Input records: Begin
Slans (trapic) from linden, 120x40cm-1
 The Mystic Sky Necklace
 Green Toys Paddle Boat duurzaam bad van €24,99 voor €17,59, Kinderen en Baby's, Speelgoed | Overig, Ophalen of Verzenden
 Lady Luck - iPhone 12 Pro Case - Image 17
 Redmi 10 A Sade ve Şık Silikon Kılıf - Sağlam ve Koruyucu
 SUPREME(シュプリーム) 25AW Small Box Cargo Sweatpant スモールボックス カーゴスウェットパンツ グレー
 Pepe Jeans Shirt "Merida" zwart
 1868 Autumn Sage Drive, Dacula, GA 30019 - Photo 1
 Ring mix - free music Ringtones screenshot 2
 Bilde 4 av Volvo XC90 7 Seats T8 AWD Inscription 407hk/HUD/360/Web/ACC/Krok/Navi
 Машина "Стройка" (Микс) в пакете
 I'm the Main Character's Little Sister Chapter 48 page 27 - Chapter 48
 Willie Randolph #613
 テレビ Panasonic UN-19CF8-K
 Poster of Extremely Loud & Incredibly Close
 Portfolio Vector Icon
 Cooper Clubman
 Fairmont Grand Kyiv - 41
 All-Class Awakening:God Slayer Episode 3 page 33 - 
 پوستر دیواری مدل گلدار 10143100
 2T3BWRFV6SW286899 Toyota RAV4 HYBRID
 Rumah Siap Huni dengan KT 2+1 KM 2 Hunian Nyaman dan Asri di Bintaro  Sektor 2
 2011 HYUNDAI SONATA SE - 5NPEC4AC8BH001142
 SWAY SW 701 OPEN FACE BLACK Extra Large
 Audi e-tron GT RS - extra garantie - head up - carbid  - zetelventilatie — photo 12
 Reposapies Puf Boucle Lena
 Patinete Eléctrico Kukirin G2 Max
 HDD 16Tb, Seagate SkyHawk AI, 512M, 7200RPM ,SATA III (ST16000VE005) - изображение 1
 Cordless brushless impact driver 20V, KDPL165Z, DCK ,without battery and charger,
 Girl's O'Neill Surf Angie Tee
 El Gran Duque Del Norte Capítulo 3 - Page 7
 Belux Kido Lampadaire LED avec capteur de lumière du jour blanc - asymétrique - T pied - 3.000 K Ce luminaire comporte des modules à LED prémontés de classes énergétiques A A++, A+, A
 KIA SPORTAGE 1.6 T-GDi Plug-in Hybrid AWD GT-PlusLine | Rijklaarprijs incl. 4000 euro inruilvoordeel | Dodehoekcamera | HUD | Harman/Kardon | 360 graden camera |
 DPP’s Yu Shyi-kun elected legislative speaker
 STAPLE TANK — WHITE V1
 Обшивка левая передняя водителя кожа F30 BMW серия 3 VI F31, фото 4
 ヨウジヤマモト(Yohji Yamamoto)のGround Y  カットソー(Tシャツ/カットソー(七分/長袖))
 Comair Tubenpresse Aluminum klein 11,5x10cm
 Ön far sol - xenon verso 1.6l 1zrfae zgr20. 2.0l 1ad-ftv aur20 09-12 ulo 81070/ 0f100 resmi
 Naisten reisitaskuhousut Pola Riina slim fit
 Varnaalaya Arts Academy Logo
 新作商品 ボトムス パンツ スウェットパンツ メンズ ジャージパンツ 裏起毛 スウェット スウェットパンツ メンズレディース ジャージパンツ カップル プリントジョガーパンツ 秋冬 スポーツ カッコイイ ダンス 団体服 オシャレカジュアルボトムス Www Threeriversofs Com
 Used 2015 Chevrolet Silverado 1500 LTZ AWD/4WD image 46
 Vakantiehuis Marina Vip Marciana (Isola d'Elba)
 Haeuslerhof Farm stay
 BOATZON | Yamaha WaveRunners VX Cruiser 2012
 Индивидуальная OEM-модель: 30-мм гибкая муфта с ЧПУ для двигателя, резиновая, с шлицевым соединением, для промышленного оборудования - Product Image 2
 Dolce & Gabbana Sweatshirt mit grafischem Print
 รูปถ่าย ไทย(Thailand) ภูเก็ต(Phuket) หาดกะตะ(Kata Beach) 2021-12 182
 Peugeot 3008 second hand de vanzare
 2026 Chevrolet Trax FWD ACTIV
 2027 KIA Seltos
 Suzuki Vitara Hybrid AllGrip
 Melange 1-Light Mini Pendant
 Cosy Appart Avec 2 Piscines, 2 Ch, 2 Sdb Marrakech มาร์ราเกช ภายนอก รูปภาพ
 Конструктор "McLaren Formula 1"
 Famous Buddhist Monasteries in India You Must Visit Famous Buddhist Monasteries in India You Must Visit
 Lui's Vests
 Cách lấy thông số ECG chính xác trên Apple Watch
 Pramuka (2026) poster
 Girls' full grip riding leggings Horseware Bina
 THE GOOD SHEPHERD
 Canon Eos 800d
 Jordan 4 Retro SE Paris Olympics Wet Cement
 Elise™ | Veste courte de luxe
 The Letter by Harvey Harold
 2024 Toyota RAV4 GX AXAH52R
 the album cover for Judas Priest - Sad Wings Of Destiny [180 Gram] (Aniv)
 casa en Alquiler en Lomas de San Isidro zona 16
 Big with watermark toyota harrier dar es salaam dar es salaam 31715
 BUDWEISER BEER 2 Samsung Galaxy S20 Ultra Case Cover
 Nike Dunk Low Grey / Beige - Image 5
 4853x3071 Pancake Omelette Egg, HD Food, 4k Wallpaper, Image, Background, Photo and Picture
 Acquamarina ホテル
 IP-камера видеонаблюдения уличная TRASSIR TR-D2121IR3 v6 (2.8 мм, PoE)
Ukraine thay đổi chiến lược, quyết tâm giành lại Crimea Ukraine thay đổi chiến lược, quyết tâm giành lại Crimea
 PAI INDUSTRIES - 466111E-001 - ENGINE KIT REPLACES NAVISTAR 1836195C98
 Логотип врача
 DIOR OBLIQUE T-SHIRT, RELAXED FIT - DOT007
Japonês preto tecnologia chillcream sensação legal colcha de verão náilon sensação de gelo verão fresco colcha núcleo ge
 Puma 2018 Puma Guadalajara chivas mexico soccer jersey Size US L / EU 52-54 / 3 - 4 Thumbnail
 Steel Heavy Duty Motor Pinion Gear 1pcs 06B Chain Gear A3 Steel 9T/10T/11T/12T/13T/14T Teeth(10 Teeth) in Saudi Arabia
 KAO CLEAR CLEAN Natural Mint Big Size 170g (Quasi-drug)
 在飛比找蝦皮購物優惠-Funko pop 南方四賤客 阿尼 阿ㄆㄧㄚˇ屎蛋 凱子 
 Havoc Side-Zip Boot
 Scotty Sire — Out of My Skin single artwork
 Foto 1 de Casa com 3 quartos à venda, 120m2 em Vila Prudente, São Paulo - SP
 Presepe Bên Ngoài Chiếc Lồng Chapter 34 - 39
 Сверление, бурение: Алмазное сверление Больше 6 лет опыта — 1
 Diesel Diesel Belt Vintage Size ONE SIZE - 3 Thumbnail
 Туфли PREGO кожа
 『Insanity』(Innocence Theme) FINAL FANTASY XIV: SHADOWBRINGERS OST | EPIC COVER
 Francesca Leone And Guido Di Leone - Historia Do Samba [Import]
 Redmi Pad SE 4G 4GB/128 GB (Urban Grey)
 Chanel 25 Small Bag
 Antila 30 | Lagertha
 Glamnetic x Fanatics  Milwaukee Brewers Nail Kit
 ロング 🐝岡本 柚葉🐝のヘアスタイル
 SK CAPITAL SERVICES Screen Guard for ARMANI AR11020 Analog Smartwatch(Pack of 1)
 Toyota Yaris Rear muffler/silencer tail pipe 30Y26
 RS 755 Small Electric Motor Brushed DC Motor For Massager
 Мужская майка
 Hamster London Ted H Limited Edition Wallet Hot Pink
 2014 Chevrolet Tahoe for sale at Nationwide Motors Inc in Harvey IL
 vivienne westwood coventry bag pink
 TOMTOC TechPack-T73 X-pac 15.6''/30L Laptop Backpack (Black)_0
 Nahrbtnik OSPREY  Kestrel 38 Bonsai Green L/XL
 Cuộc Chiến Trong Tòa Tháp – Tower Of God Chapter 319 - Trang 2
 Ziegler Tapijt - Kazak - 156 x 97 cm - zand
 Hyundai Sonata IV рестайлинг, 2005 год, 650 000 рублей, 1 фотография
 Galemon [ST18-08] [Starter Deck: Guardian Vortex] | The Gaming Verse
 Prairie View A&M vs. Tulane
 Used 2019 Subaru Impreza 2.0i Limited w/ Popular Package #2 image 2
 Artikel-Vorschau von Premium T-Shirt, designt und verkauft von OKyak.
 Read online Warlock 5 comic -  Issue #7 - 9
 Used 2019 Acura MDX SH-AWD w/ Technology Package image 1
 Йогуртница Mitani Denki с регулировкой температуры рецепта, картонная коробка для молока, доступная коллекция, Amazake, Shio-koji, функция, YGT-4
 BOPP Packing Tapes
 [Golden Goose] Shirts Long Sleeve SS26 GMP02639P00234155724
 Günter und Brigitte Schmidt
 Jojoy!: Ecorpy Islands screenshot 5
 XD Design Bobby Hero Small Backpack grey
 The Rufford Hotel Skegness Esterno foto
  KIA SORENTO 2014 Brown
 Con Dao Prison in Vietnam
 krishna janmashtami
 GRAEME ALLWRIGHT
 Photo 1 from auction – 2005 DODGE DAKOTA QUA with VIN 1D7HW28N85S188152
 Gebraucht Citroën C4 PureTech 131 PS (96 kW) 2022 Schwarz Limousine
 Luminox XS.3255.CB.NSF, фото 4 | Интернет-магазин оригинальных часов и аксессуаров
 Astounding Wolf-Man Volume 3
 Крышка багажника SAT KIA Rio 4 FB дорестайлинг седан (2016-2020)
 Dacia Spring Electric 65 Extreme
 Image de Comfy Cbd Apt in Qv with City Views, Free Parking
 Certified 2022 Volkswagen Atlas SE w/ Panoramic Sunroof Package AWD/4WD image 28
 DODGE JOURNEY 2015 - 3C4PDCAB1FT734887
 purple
Input records: End
* _What the task requires_
Each line from the top of the data, up to and including the line that contains "2T3BWRFV6SW286899 Toyota RAV4 HYBRID", should be set down exactly.

* _Response area_
Slans (trapic) from linden, 120x40cm-1
 The Mystic Sky Necklace
 Green Toys Paddle Boat duurzaam bad van €24,99 voor €17,59, Kinderen en Baby's, Speelgoed | Overig, Ophalen of Verzenden
 Lady Luck - iPhone 12 Pro Case - Image 17
 Redmi 10 A Sade ve Şık Silikon Kılıf - Sağlam ve Koruyucu
 SUPREME(シュプリーム) 25AW Small Box Cargo Sweatpant スモールボックス カーゴスウェットパンツ グレー
 Pepe Jeans Shirt "Merida" zwart
 1868 Autumn Sage Drive, Dacula, GA 30019 - Photo 1
 Ring mix - free music Ringtones screenshot 2
 Bilde 4 av Volvo XC90 7 Seats T8 AWD Inscription 407hk/HUD/360/Web/ACC/Krok/Navi
 Машина "Стройка" (Микс) в пакете
 I'm the Main Character's Little Sister Chapter 48 page 27 - Chapter 48
 Willie Randolph #613
 テレビ Panasonic UN-19CF8-K
 Poster of Extremely Loud & Incredibly Close
 Portfolio Vector Icon
 Cooper Clubman
 Fairmont Grand Kyiv - 41
 All-Class Awakening:God Slayer Episode 3 page 33 - 
 پوستر دیواری مدل گلدار 10143100
 2T3BWRFV6SW286899 Toyota RAV4 HYBRID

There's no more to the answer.